JAKARTA, HR – Usut tuntas kasus e-KTP, usut…usut…..! demikian terdengar teriakan aksi demo di depan Gedung Komisi Pemberantasan Korupsi (KPK), sekitar 100 orang mengatasnamakan Serikat Perjuangan Rakyat Indonesia (SPRI) membawa karton, salah satu bertuliskan “Pecat dan usut Setya Novanto, usut Gamawan Fauzi”, Kamis (8/6/2017) siang.
Koordinator Aksi, Marlo Sitompul dalam orasinya mengatakan di era reformasi praktek korupsi, kolusi dan nepotisme (KKN) justru semakin subur di negeri ini, dengan kondisi masih banyak penduduk yang dibawah garis kemiskinan. Ironisnya pelaku korupsi dilakukan oknum pejabat di Dewan Perwakilan Rakyat (DPR), oknum pejabat kementerian dan oknum anggota partai politik.
Seperti halnya, sebut Marlo, skandal proyek pengadaan Kartu Tanda Penduduk Elektronik (e-KTP), yang merupakan salah satu buktinya. Tidak palang tanggung, uang negara yang dikorupsi mencapai Rp2,3 triliun.
“Menyikapi prilaku bejat pejabat negara, kami tergabung dalam Serikat Perjuangan Rakyat Indonesia (SPRI) merasa prihatin terhadap kejadian ini. Dan mendesak KPK agar segera menangkap bagi koruptor, khususnya “operator” KKN di kasus e-KTP, agar tidak melarikan diri keluar negeri, atau menghilangkan barang bukti,” ujar Marlo, yang juga Ketua Umum SPRI dengan suara lantang, seraya meneriakan usut tuntas kasus e-KTP dan tangkap pelaku yang juga terduga KKN, disambut teriakan peserta aksi lainnya. (Baca: Gurita KKN Dalam Kasus E-KTP)
Dalam aksi damai itu, SPRI menggulirkan 4 tuntutan, yaitu : 1. Mendesak pengusutan korupsi e-KTP hingga tuntas, 2. KPK harus berani mendalami peran Setya Novanto, Gamawan Fauzi, Azmi Aulia dan Dedi Apriadi, 3. Membawa atau menyeret seluruh yang terlibat di dalam korupsi e-KTP ke Pengadilan Tipikor, dan 4. Mendesak KPK untuk bekerja cepat, tegas dan keras.

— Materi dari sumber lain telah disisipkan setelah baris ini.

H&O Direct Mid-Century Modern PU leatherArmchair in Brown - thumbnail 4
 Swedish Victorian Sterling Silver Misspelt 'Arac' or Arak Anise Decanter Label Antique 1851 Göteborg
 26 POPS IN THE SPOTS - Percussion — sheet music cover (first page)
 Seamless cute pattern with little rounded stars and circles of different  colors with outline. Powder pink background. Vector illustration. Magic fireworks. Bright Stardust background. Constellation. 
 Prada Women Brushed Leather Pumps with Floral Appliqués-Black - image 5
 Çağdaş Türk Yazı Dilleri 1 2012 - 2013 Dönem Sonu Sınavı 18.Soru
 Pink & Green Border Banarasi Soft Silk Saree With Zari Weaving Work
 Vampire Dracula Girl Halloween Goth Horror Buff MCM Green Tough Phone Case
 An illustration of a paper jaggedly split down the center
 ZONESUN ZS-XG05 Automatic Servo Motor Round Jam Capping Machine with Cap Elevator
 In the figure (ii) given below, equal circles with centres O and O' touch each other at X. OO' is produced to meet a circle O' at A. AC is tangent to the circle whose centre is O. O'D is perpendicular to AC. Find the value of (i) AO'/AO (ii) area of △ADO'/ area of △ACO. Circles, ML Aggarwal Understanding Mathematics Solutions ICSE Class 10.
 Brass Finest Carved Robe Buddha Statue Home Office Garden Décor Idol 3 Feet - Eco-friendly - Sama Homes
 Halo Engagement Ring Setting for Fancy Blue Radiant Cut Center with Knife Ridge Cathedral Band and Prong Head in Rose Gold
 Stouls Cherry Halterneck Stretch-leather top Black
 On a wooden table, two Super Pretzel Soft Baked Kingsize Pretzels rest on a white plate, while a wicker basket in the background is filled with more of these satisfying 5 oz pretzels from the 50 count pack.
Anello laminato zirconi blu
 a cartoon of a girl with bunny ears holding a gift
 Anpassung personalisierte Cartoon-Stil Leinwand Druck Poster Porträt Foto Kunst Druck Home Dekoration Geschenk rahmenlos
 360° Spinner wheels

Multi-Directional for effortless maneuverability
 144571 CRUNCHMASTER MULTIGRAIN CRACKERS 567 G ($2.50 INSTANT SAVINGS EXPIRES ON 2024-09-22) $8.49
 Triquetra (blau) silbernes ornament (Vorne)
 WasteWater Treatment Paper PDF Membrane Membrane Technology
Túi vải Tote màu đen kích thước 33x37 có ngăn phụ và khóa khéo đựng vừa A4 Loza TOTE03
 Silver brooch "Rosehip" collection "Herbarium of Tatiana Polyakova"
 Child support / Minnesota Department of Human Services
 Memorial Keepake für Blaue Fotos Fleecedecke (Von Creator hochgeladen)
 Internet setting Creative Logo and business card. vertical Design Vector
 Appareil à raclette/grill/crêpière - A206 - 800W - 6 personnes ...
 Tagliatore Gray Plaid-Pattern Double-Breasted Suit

Jika tidak bubarkan saja KPK.
Gurita KKN Skandal e-KTP
Perlu diketahui, mantan Menteri Dalam Negeri, Gamawan Fauzi, menerima aliran dana proyek KTP elektronik (e-KTP) senilai 4,5 juta dolar AS dan Rp50 juta. Dana diberikan agar proyek lancar dan tak dibatalkan. Hal itu disampaikan jaksa penuntut umum Komisi Pemberantasan Korupsi (KPK), Irene Putrie, di Pengadilan Tipikor pada Kamis (9/3/2017). Dikatakannya, dana 4,5 juta dolar AS diberikan dua kali pada Gamawan, yakni pada Maret 2011 oleh pengusaha Andi Narogong melalui pihak swasta dan Juni 2011 oleh Afdal Noverman sebesar 2 juta dolar AS. Dengan maksud agar pelelangan pekerjaan penerapan KTP berbasis BIK secara nasional tidak dibatalkan oleh Gamawan Fauzi.
Pada pemberian kedua, dilakukan Andi Narogong melalui adiknya, Azmin Aulia, Juni 2011, diserahkan 2,5 juta dolar AS. Pemberian ini diduga untuk melancarkan proses penetapan pemenang lelang. Adik Gamawan Fauzi, Azmin Aulia ini, disebut-sebut ikut berperan dalam proyek ini.
Untuk nominal Rp50 juta, didapatkan dari mantan Direktur Jenderal Kependudukan dan Pencatatan Sipil Kemendagri, Irman yang sekarang merupakan terdakwa I. Pemberian ini dilakukan ketika saat kunjungan kerja keluar kota.
“Diberikan kepada beberapa orang diantaranya Gamawan Fauzi seluruhnya berjumlah Rp 50 juta yang diberikan pada saat kunjungan kerja di Balikpapan, Batam, Kendari, Papua, dan Sulawesi Selatan,” ungkap Irene.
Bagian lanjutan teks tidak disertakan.